DocketNumber: Civ. A. 84-2114
Citation Numbers: 619 F. Supp. 1577, 27 Wage & Hour Cas. (BNA) 683, 1985 U.S. Dist. LEXIS 14546
Judges: Luongo
Filed Date: 10/25/1985
Status: Precedential
Modified Date: 10/19/2024
United States District Court, E.D. Pennsylvania.
*1578 David R. Black, Media, Pa., for plaintiff.
Philip H. Lebowitz, Pepper, Hamilton & Scheetz, Philadelphia, Pa., for defendant.
LUONGO, Chief Judge.
Plaintiff Joseph Sendi brought this action claiming that his employer deprived him of earned commissions in violation of the Pennsylvania Wage Payment and Collection Law (WPCL), 43 P.S. § 260.1 et seq. Presently before me is defendant's motion for summary judgment. Because the record reveals no genuine issues of material fact, I will grant defendant's motion.
The basic facts are not in dispute. Defendant NCR Comten is in the business of selling and leasing computer equipment. Plaintiff was hired by defendant's predecessor company in 1967, and in 1981 held the position of Regional Sales Director for defendant's eastern region.
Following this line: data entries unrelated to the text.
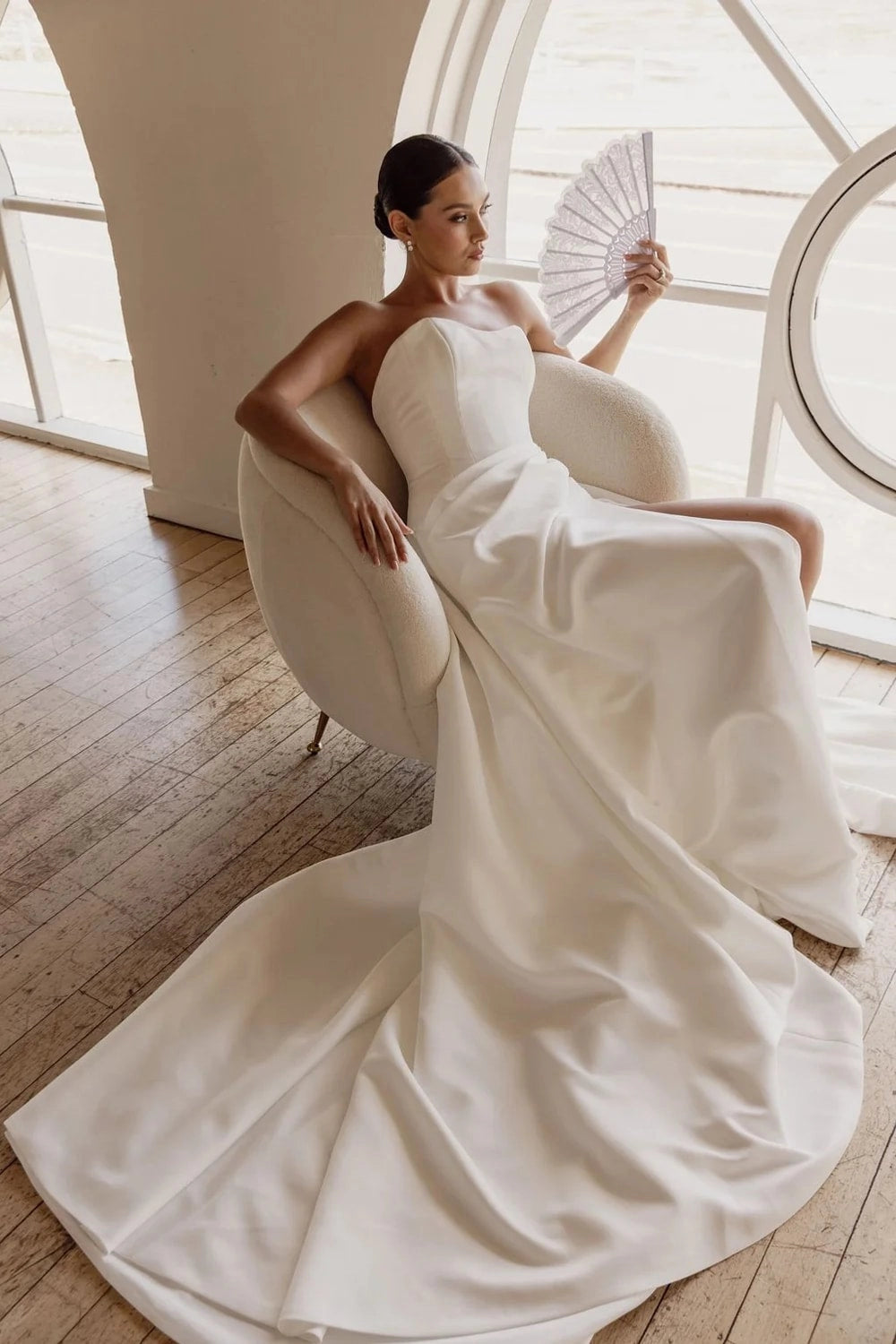 Ivory Satin Off-shoulder Sleeveless Button Back Cathedral Train Wedding Dress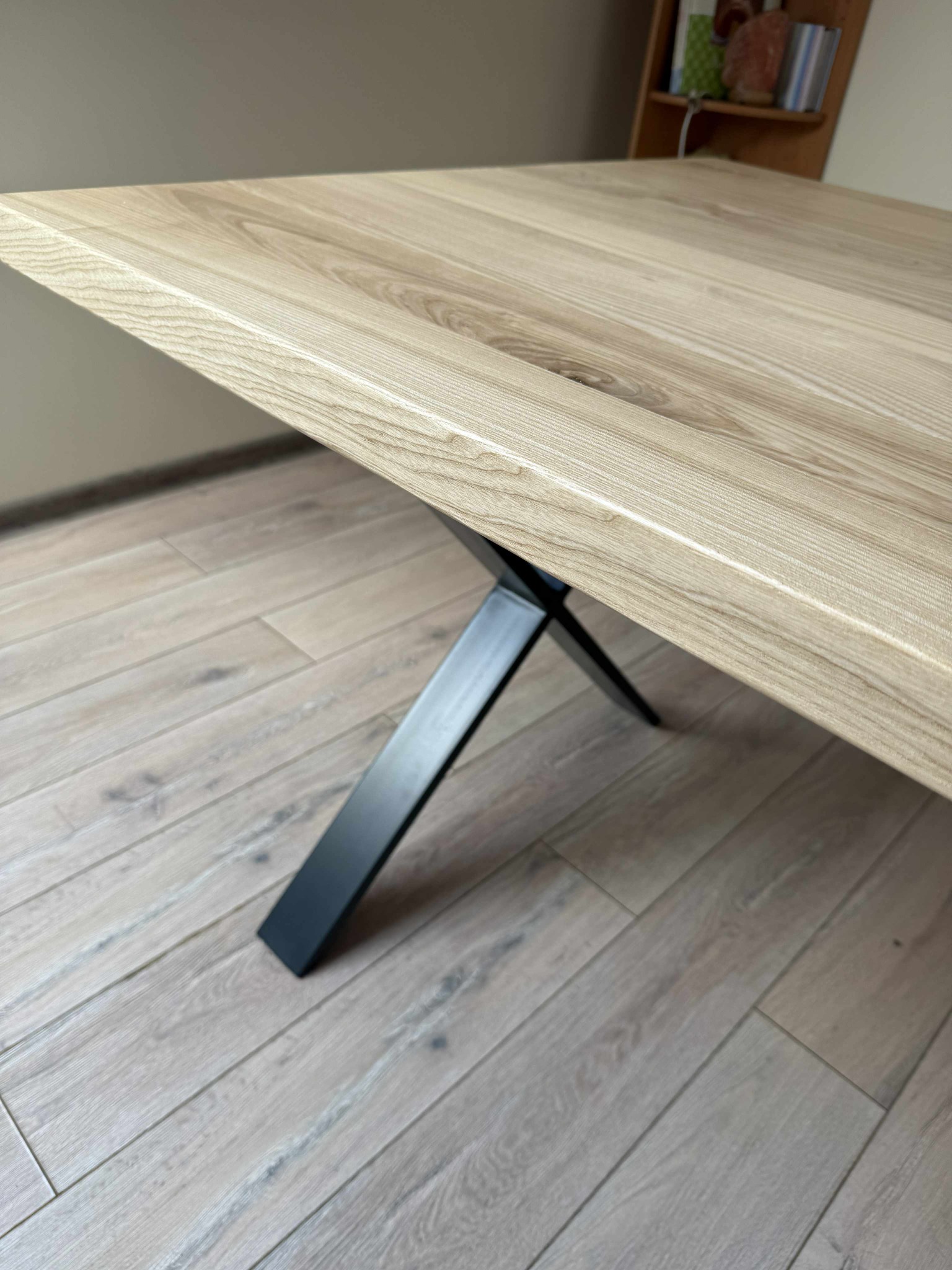 Stół z blatem z jasnego drewna i czarną, metalową nogą w kształcie litery X, ustawiony na podłodze z paneli. Widok z niskiego kąta, ukazujący strukturę drewna.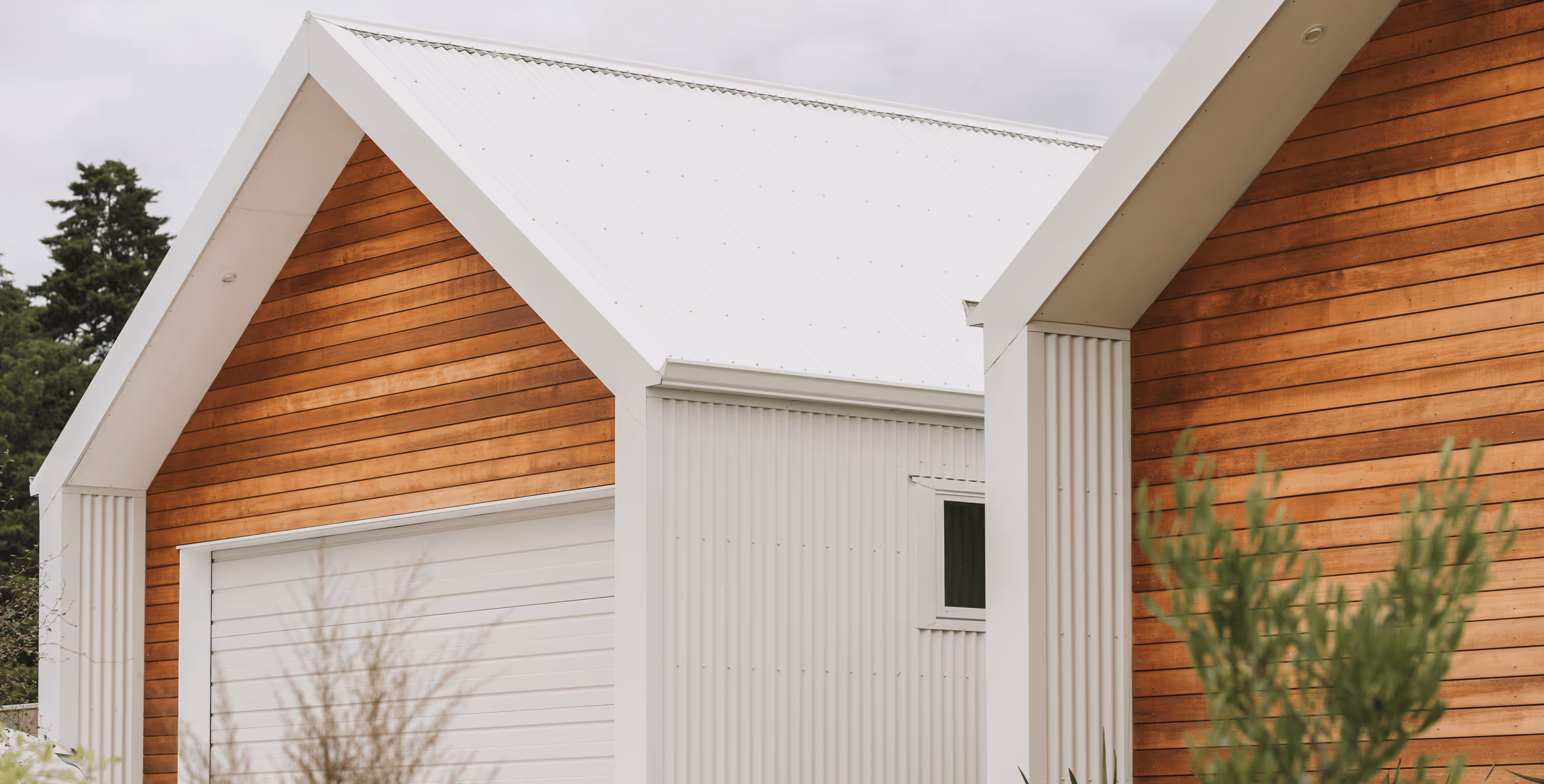Modern house exterior with white corrugated metal siding, wooden paneling, white garage door, and greenery in front.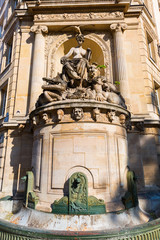Fototapeta na wymiar historic fountain at a building in Paris, France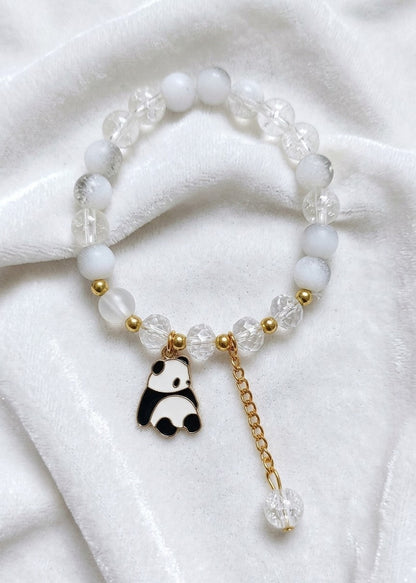 A beaded bracelet featuring white opaque beads, clear faceted beads, small gold spacer beads, and a dangling charm shaped like a black-and-white panda with a gold chain and clear bead drop, displayed on a white fabric background.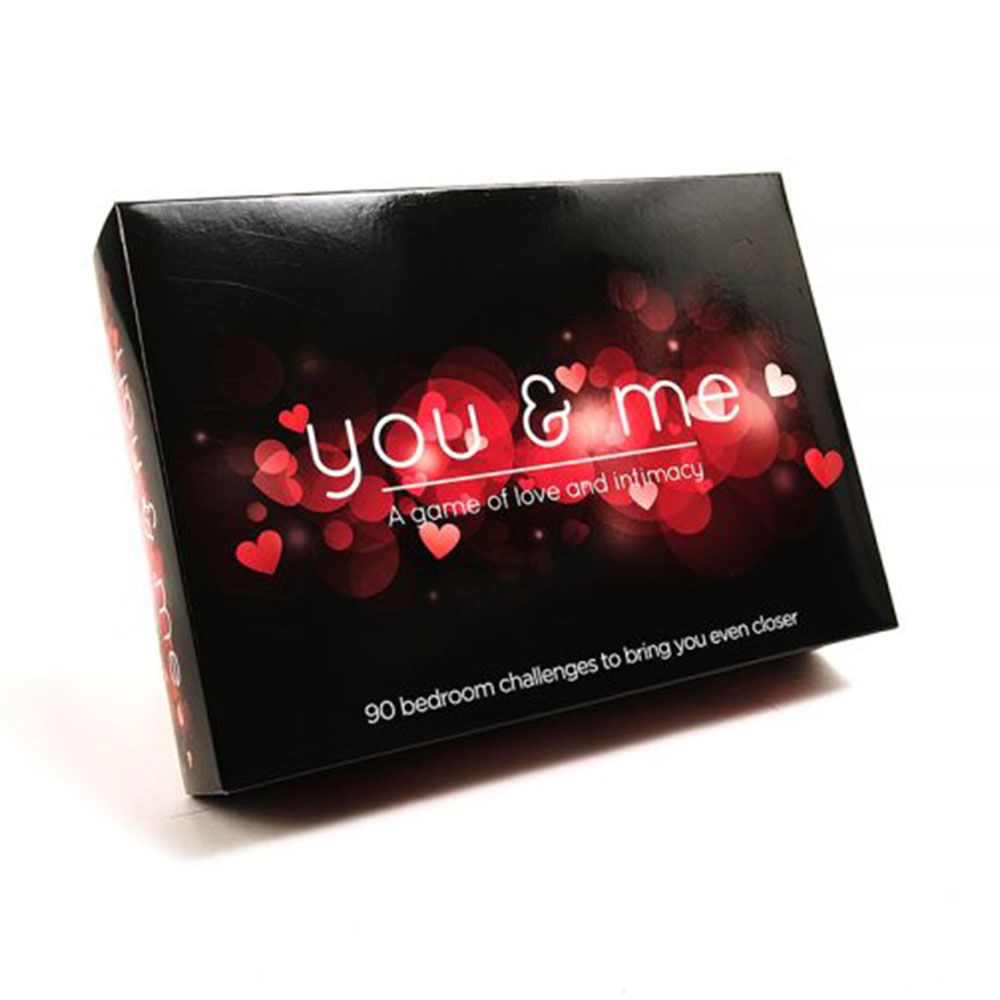 A black box for the You & Me card game with hearts and text.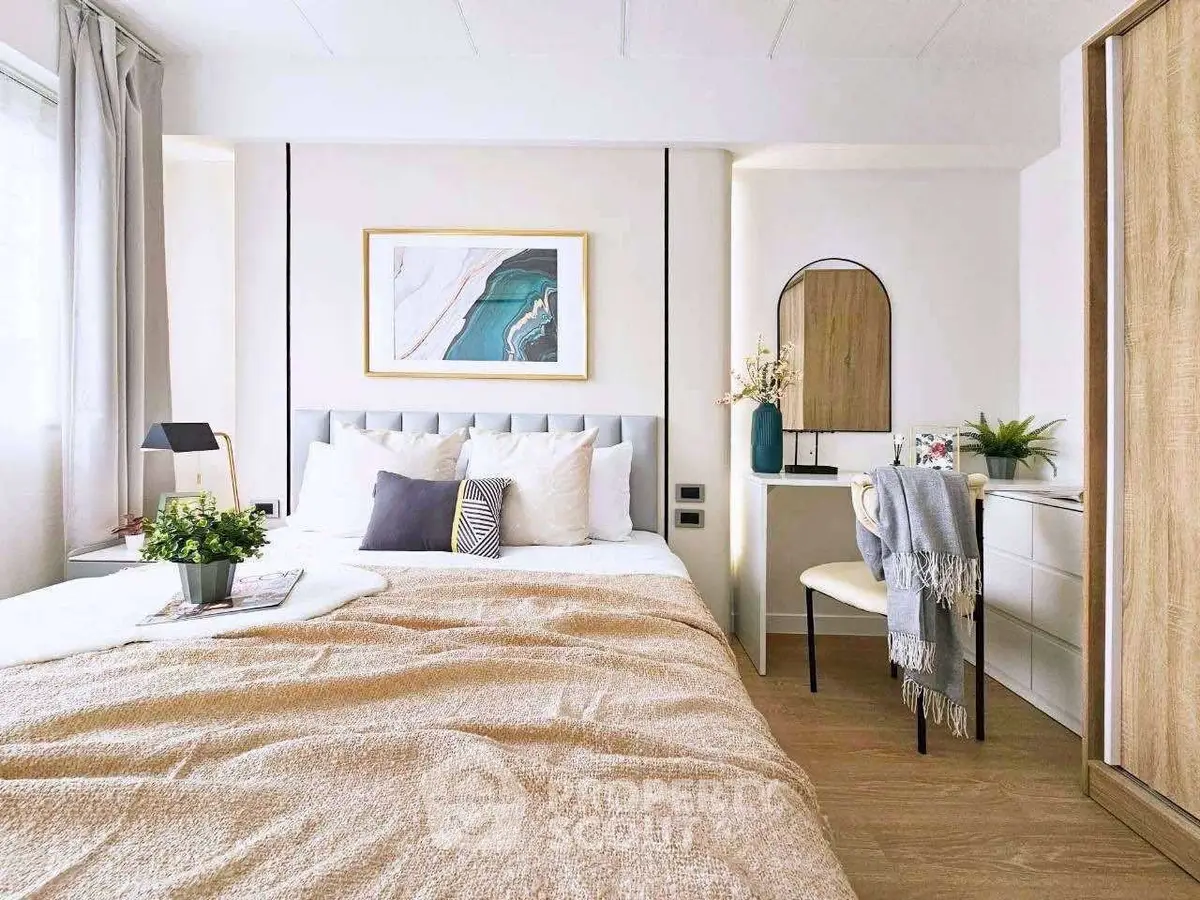 Elegant bedroom with modern decor and cozy ambiance, featuring a stylish bed and chic furniture.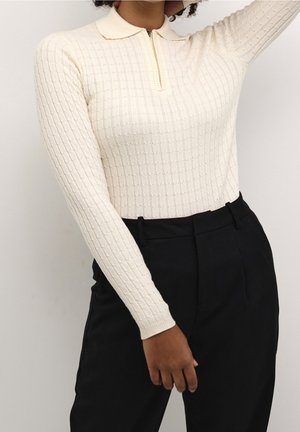 Persoon draagt een crèmekleurige, gebreide trui met lange mouwen, een kraag en een rits, gecombineerd met hoge zwarte broek tegen een effen achtergrond.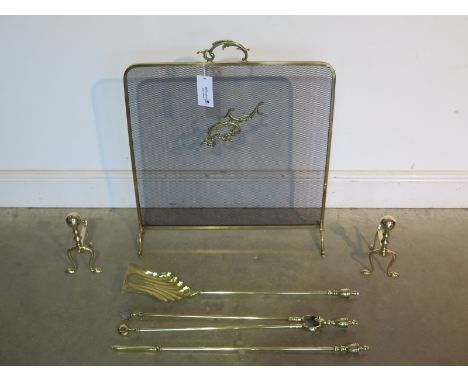 Three piece brass fireside set to include three fire tools, pair of fire dogs and spark guard - all in polished condition 
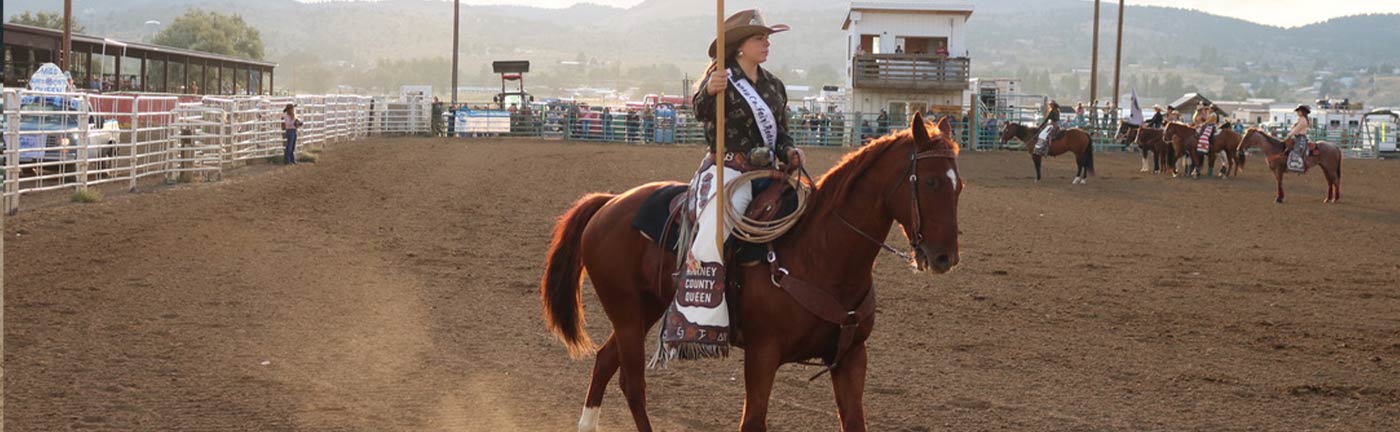 woman on horseback holding a flag in a rodeo arena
Plaintiff's compensation included commissions for sales and leases within the eastern region.
On November 2, 1981, Sendi submitted a letter of resignation, requesting a termination date of December 31. He proposed to remain at Comten for part of November and use his accumulated vacation days to cover the rest of the period. Defendant rejected Sendi's proposal and terminated his employment as of November 6. Defendant gave him two weeks' severance pay and a lump sum payment for 200 hours of accumulated vacation, but paid him no commissions for contracts which closed after November 6.
As a Comten employee, Sendi earned commissions under the NCR Comten Sales Representative Incentive Compensation Plan Agreement and the Regional Directors Compensation Plan Agreement (the Plans). The Plans provide that employees earn commissions on most sales and leases when Comten accepts the orders. For hardware lease or purchase contracts generating $10,000 or more of revenue, however, employees "qualify for 50% of the commission at the time the contract is accepted by NCR Comten and the Customer. The remaining 50% is payable when the equipment has been accepted by the customer and is Certified Ready for Use (CRFU) by NCR Comten." Sales Representative Incentive Compensation Plan Agreement at ¶ VI. The Plans further provide that commissions "are not earned until paid" and that employees "forfeit all rights to commissions which have not been paid at termination of employment." Id. at ¶¶ VI, VII.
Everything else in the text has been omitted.